DAB+ ist empfangbar

  • Jetzt ist offensichtlich die Zukunft des Radios auch in Elbrinxen Gegenwart. Seit Anfang August sendet der Mast vom Köterberg das DAB+-Signal. Noch sind nur die budnesweit eingespeisten Sender zu empfangen. Bald sollen aber auch die WDR- und NDR-Wellen hörbar sein. DAB+ hat gleich mehrere Vorteile:
  • Größere Programmvielfalt und Programmauswahl: Alle UKW-Frequenzen sind bereits vergeben. Mit DAB+ können auf einem Frequenzblock mehrere Programme verbreitet werden. Durch diese effizientere Verbreitung in den terrestrischen Frequenzen können insgesamt mehr Programme ausgestrahlt werden, darunter auch Spartenprogramme (z.B. Heimat, Information, Klassik, Schlager). Es gibt mehr Angebote für den persönlichen Geschmack und die Möglichkeit zur individuelleren Auswahl.
  • Zusatzinformationen: DAB+ erlaubt den Mitversand von Zusatzinformationen in Text und/oder Bild („Slideshow“) parallel zum Programm. Sie werden je nach Display auf dem Digitalradio angezeigt. Dazu zählen Wetterkarten, Programmübersichten (EPG) und Infos wie Nachrichtenschlagzeilen oder Musiktitelanzeigen.
  • Frequenzen finden und merken nicht mehr nötig: dank des automatischen Sendersuchlaufs. Digitalradios zeigen danach auch immer an, welche Programme am jeweiligen Standort verfügbar sind.
  • Besserer Klang: in CD-Qualität, rauschfrei. Laut ist laut und leise ist leise.

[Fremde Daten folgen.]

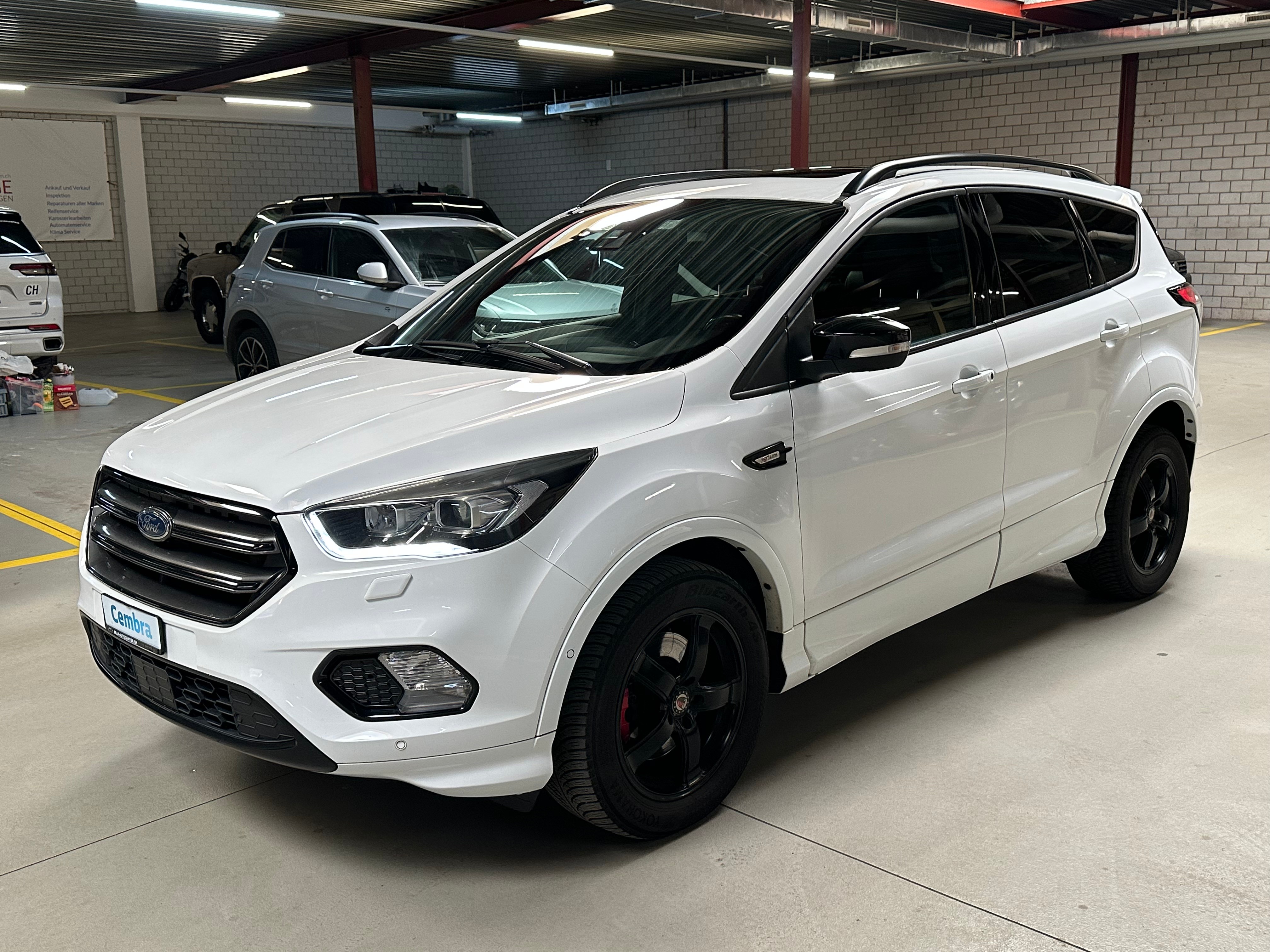 Car photo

Wer nun ein Gerät kaufen will, der kann mal bei Elektro Köller in Rischenau vorbeischauen. Dort gibt es Geräte bereits ab 30 Euro.

Immer mehr Digitalradios

Digitalradio ist in Deutschland auf dem Vormarsch. Wie aus dem am Montag (09.09.2019) von den Landesmedienanstalten veröffentlichten Digitalisierungsbericht Audio hervorgeht, gibt es jetzt in knapp 23 Prozent der Haushalte ein Radio, mit dem DABplus empfangen werden kann. Das sind 34 Prozent mehr als im Vorjahr. Insgesamt gibt es in Deutschland nach Angaben des Digitalradio Büros Deutschland 14,6 Millionen Geräte, die DABplus empfangen können. Die Zahl der Autoradios mit DABplus-Emfpang verdoppelte sich nach diesen Angaben innerhalb eines Jahres auf 4,4 Millionen.

Niedersachsen holt auf

Die meisten Haushalte mit DABplus-Radios gibt es den Angaben zufolge in Bayern: Hier haben knapp 30 Prozent der Haushalte ein solches Radio, gefolgt von Sachsen mit knapp 26 Prozent und Baden-Württemberg mit 24 Prozent. Am wenigsten verbreitet ist das Digitalradio in Brandenburg, hier haben nur 16 Prozent der Haushalte ein entsprechendes Gerät. Niedersachsen, das im vergangenen Jahr noch mit 14 Prozent das Schlusslicht bildete, hat stark aufgeholt: Hier verfügen inzwischen 22 Prozent der Haushalte über ein Radio mit DABplus-Empfang.

Nur wenige Sender in NRW

In ganz Deutschland können nach Angaben des Digitalradio Büros Deutschland 260 Radioprogramme empfangen werden. Die Zahl der Sender schwankt stark von Bundesland zu Bundesland. Während in Bayern mehr als 100 regionale und lokale Privatsender digital verbreitet werden, gibt es in Niedersachsen und Nordrhein-Westfalen nur jeweils einen. Die Sender des Deutschlandradios und neun Privatsender werden in allen Bundesländern digital verbreitet, ebenso wie die jeweiligen öffentlich-rechtlichen Radiosender der Region.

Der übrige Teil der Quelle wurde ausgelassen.